Burnout: A collective responsibility

Burnout. It happens even to the kindest, warmest hearted people. In fact they are possibly the most vulnerable to it. Those in the caring professions: nurses, doctors, teachers, social workers. Those with caring responsibilities at home. What do I mean by burnout? When your energy is sapped and stretched to the limit. When demands exceed your capacity. When you have no time for you, to replenish yourself. When you put others before yourself so often you are in danger of making yourself ill. When you feel that you have no choice but to carry on, everyone else’s needs are so important. You might not see the early warning signs. You build a hard but brittle shell around your psyche. You begin to get impatient, irritable. You begin to not care. The shell starts to crack. When you’re surprised to find you hate your job that you once put your heart and soul into, when it feels like everyone wants a piece of you, when you begin to turn upon the very people you wanted to help, then it has gone too far.

We are so fortunate in the UK to have free healthcare, social services and free education for our children. Ok well not technically free, although free at the point of access; we pay for it through taxation and we have the right to expect a decent standard of care and respect. On the other hand, when not required to hand over cash on delivery, does this lead to a sense of entitlement? Does it lead to an undervaluing of the effort of professionals? We know those professionals are paid, in some cases handsomely, while others graft for little pay but with great devotion. Family members care for each other with no expectation of pay or reward. In a materialist culture, when money exchange does not take place, do we value the effort of those who serve us? In traditional societies healers may give care without demanding payment, but gratitude is always given. Some form of exchange takes place. Both parties benefit from this.

Should we assume that because someone is paid by the state, we do not owe them anything? A simple “thank you so much for your time” costs us nothing but gives much in return. A value that makes the job worthwhile. A few words that show we do not take them for granted. A direct and personal exchange of energy, that in fact is nourishing to both. Gratitude is awesomely transformative to the giver and receiver.

This applies not only in the caring professions but in all walks of life, across all generations.

Gratitude makes the world a softer, kinder place.

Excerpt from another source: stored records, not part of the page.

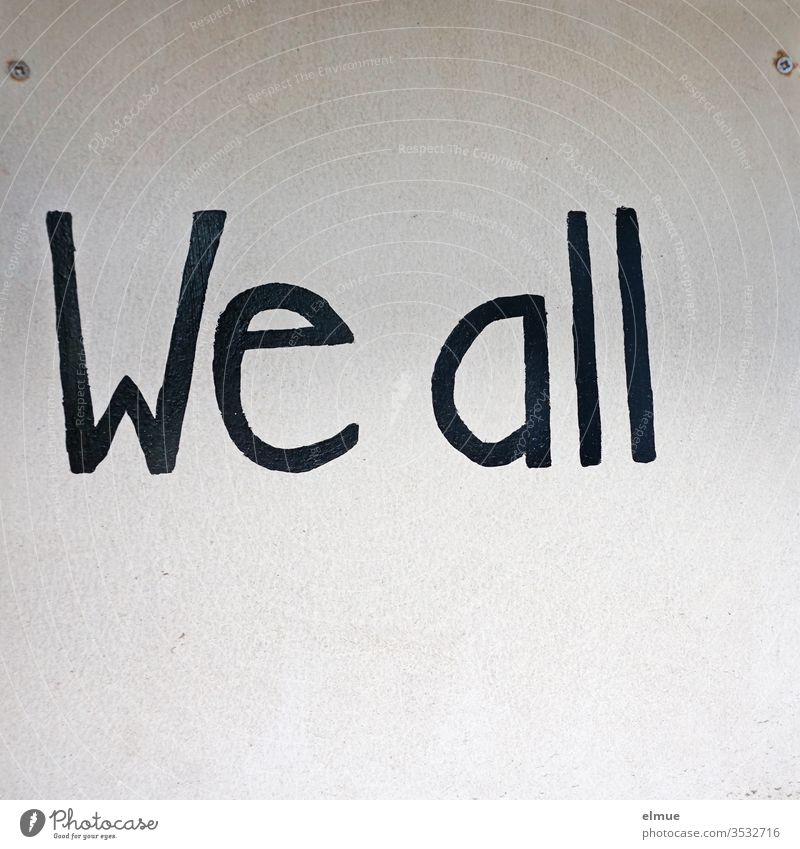 schwarze Schrift "we all" auf heller Platte anders sein Sinnspruch englisch wir alle Meinung dazugehören Druckbuchstabe Aussage Gefühl Redewendung Gesellschaft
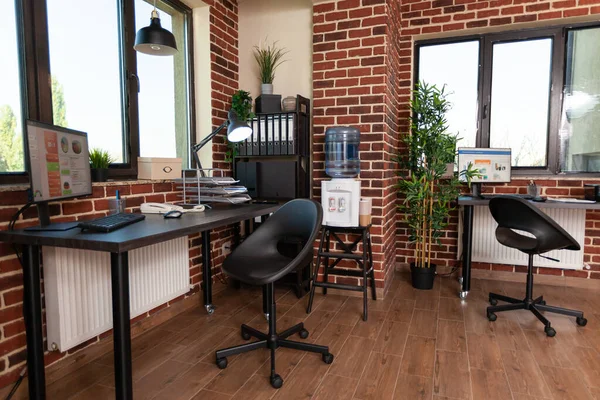 Närbild av tomt hörn med skrivbord i start kontor — Stockfoto
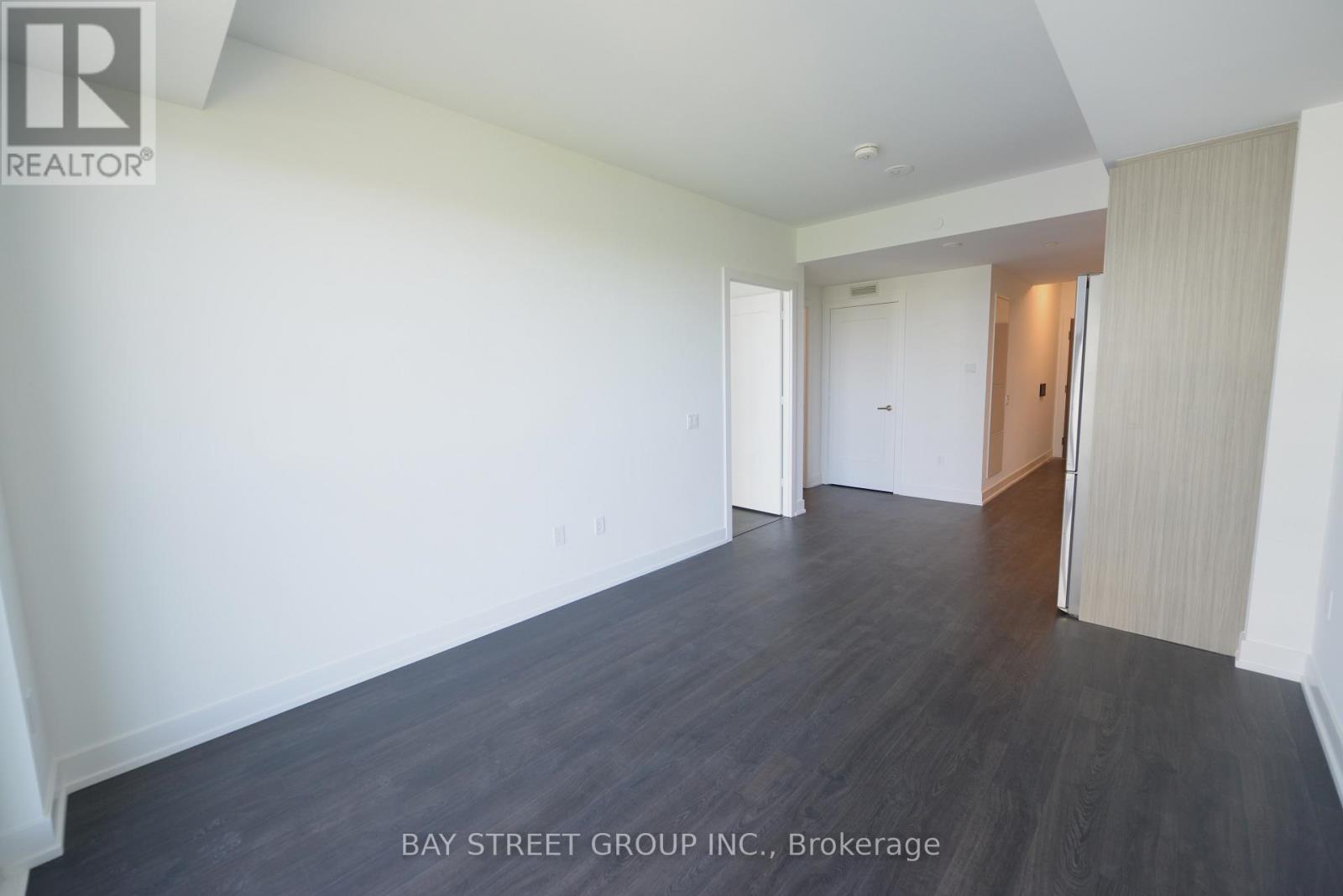 30 Inn On The Park Drive, Toronto, Ontario M3C 0P7 - Photo 8 - C13709280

It softens that brittle shell of defense. There is always something to be grateful for. Even when your care has not been all that you had hoped for, there is something, some spark of effort, of love, of time that someone has put in for you. Behind that air of professionalism is a vulnerable, fallible human just like you.

What of those who are burning out? This works for them too. To remember gratitude. To look for things to be grateful for every day. To be thankful for patients, students or customers whose need gives us our job, who teach us as much as we teach them, who challenge us to be better people, whose own courage and strength is humbling. For supportive colleagues and family. Gratitude even to our own bodies and minds for the work we have done, and also even for the urgent messages of breakdown that tell us when we have had enough. Gratitude alone is not always enough. Carers need care also, and rest. Rest without guilt or pressure. Even healers get sick. The helper needs to know when to ask for help. In this modern world we have high expectations of ourselves and each other. The pressure is on, even for those who are ill.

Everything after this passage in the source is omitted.